▶ **Records for the exercise**

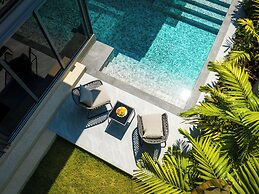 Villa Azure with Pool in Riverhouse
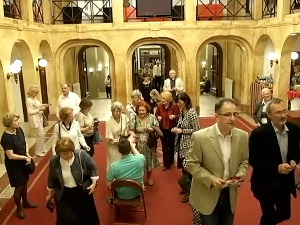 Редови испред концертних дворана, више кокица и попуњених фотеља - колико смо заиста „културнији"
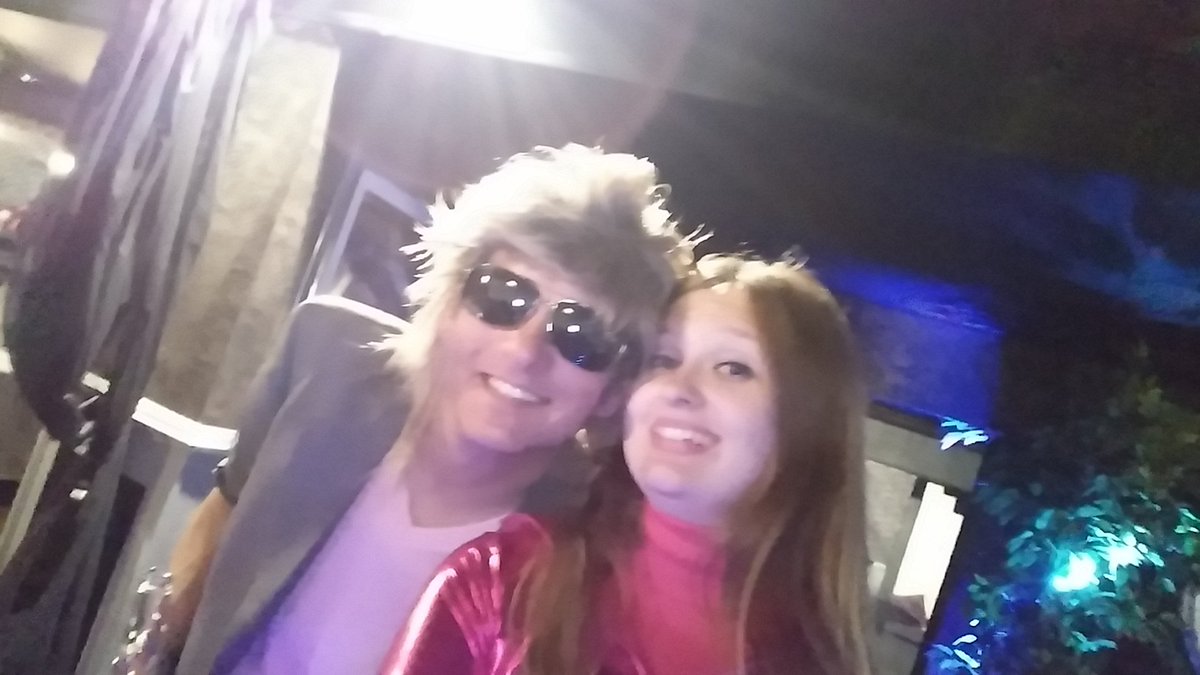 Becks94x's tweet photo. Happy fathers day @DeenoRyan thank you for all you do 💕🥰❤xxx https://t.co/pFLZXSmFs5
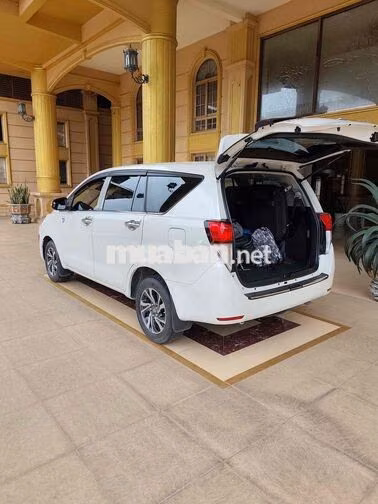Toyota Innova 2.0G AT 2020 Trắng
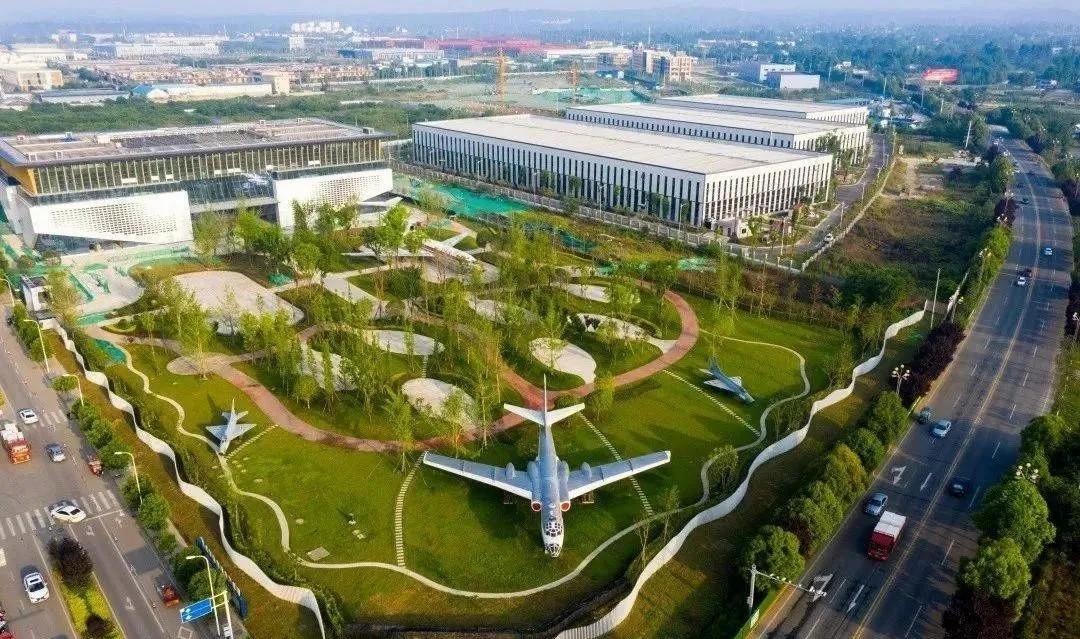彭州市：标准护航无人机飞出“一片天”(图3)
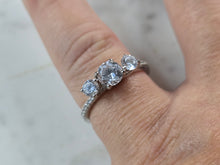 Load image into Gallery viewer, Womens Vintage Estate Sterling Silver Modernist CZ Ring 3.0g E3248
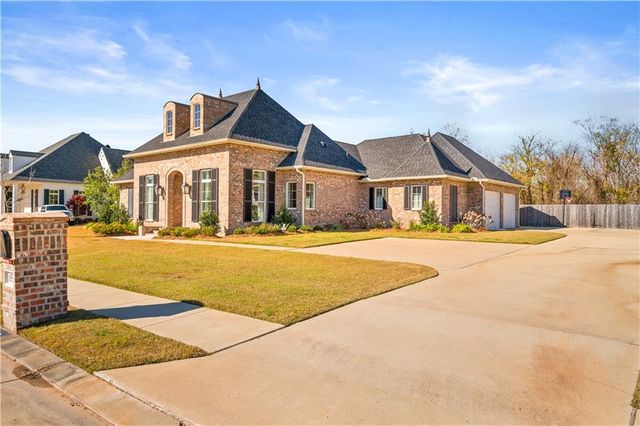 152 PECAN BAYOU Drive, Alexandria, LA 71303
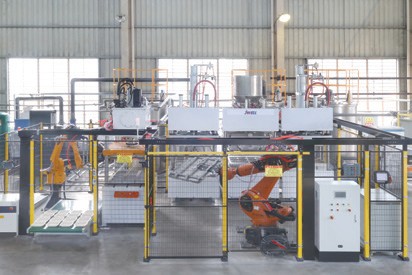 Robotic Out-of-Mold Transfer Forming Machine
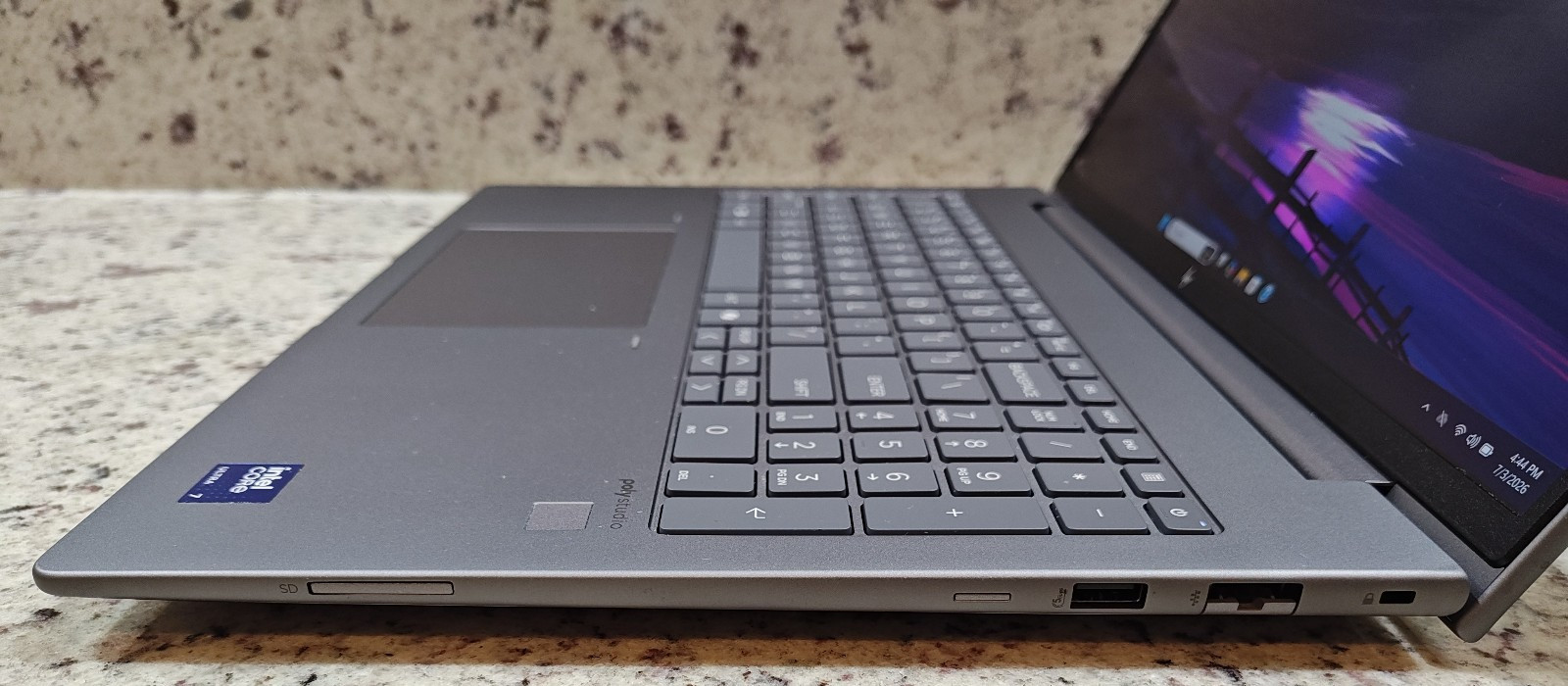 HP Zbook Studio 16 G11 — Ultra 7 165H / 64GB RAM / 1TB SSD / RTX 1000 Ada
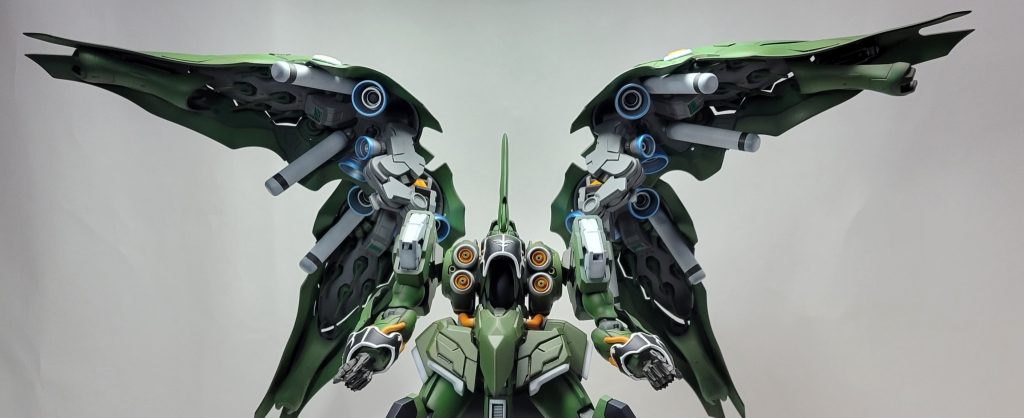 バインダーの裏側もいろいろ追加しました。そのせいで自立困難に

▶ **Exercise**
Only the lines from the line with "Becks94x's tweet photo." through the closing line of the data, both included, should be set down, exactly as written and without pictures.

▶ **Task output**
 Becks94x's tweet photo. Happy fathers day @DeenoRyan thank you for all you do 💕🥰❤xxx https://t.co/pFLZXSmFs5
Toyota Innova 2.0G AT 2020 Trắng
彭州市：标准护航无人机飞出“一片天”(图3)
 Load image into Gallery viewer, Womens Vintage Estate Sterling Silver Modernist CZ Ring 3.0g E3248
 152 PECAN BAYOU Drive, Alexandria, LA 71303
 Robotic Out-of-Mold Transfer Forming Machine
 HP Zbook Studio 16 G11 — Ultra 7 165H / 64GB RAM / 1TB SSD / RTX 1000 Ada
 バインダーの裏側もいろいろ追加しました。そのせいで自立困難に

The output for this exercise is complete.